Acórdão nº 448/09 de Tribunal Constitucional (Port, 14 de Setembro de 2009

Data14 Setembro 2009
Órgãohttp://vlex.com/desc1/2000_01,Tribunal Constitucional (Port

ACÓRDÃO N.º 448/09

Processo n.º 744/09

Plenário

Relator: Conselheiro Carlos Pamplona de Oliveira

ACORDAM EM SESSÃO PLENÁRIA NO TRIBUNAL CONSTITUCIONAL

Relatório

  1. Alfredo José Temporão Martins, na qualidade de candidato integrado na lista apresentada pelo Partido Social Democrata (PPD/PSD) para a eleição da Assembleia de Freguesia de Troviscoso, Município de Monção, nas eleições de 11 de Outubro de 2009, recorre para o Tribunal Constitucional do despacho do juiz do Tribunal Judicial de Monção que indeferiu a reclamação que apresentara contra a decisão que julgou elegível o candidato Manuel Fernando Pinto Coração de Maria, integrante das listas do Partido Socialista (PS) à mesma eleição.

    Diz, em suma:

    [...]

    Fundamentos de facto:

  2. Já no ano de 2005, a Freguesia de Troviscoso propôs no Tribunal de Monção a Acção Ordinária 453105.OTBMNC contra o candidato recorrido Manuel Fernando Pinto Coração de Maria (adiante Manuel Fernando Pinto), a qual tem julgamento aprazado para o próximo dia 14/10 (3 dias após as eleições).

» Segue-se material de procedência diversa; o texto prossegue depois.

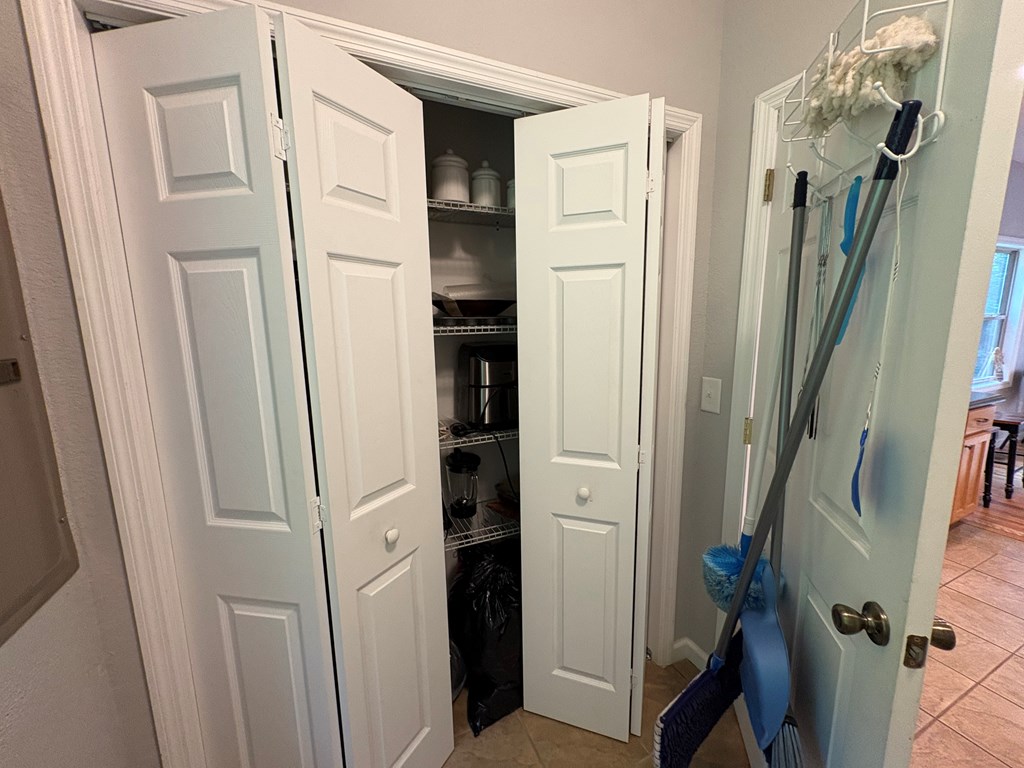 434657 Hayesville Active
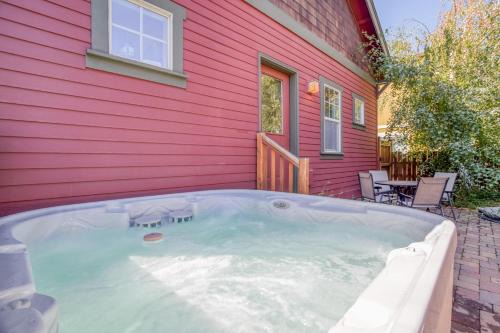 Old Bend House | Georgia Peach - Meredith Lodging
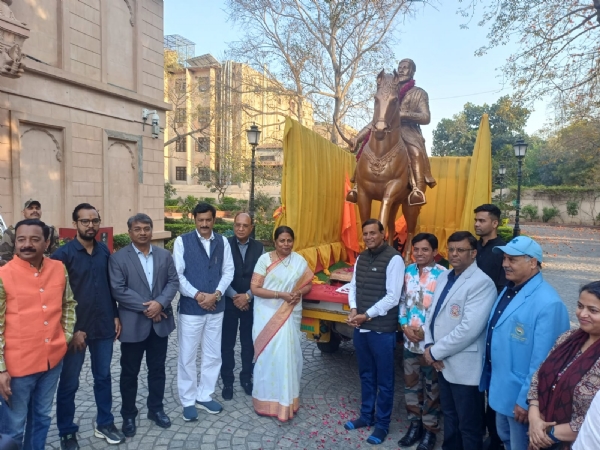 छत्रपती शिवाजी महाराज अश्वारूढ पुतळा छत्रपती शिवाजी महाराज अश्वारूढ पुतळा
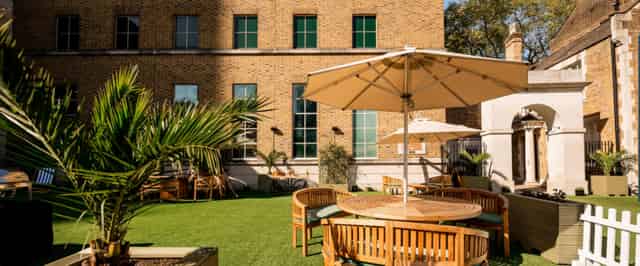 Summer terrace and Queen's courtyard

  3. Conforme a respectiva Petição Inicial, a Freguesia assim decidiu, propondo a acção, porque o candidato Manuel Fernando Pinto, em 2004, se apossara duma parcela de terreno com a área aproximada de 4.000m2 dum prédio do domínio privado da referida autarquia, vedando o terreno e dele retirando valiosas árvores de madeira, saibro e outras utilidades,

  4. à custa do empobrecimento do erário da autarquia, que, pelo mesmo modo, impede de afectar o referido prédio ao empreendimento social a que se destinava,

  5. e porque, também em 2004, o candidato Manuel Fernando Pinto anexou a uma propriedade dele uma faixa de caminho público vicinal (da mesma Freguesia de Troviscoso) – mais uma vez, à custa do património da autarquia.

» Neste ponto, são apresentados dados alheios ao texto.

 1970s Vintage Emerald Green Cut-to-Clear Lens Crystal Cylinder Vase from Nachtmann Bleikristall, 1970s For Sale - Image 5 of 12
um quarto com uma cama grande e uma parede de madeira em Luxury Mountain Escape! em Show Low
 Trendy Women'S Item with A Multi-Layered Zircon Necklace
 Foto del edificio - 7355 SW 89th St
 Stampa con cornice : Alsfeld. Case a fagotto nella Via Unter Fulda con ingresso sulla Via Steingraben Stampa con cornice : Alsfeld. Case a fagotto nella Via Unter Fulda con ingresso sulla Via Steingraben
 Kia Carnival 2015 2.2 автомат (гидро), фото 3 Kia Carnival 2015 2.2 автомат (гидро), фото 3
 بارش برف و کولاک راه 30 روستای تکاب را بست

  6. Além de demandar o candidato Manuel Fernando Pinto por se ter apossado e de lhe exigir o cumprimento da obrigação de restituição daqueles imóveis dos seus domínios público e privado, já em mora, a Freguesia também lhe exige o pagamento, também em mora desde 2005, da indemnização necessária ao ressarcimento dos danos que já causara quando a acção foi proposta e que continua a causar-lhe, quer os emergentes da subtracção dos imóveis, com impedimento da sua administração – e, quanto ao do domínio particular, da sua transformação –, quer os emergentes da repetida subtracção de árvores e saibro, desde 2004, actos que danificam aqueles imóveis e desvalorizam o domínio particular da autarquia.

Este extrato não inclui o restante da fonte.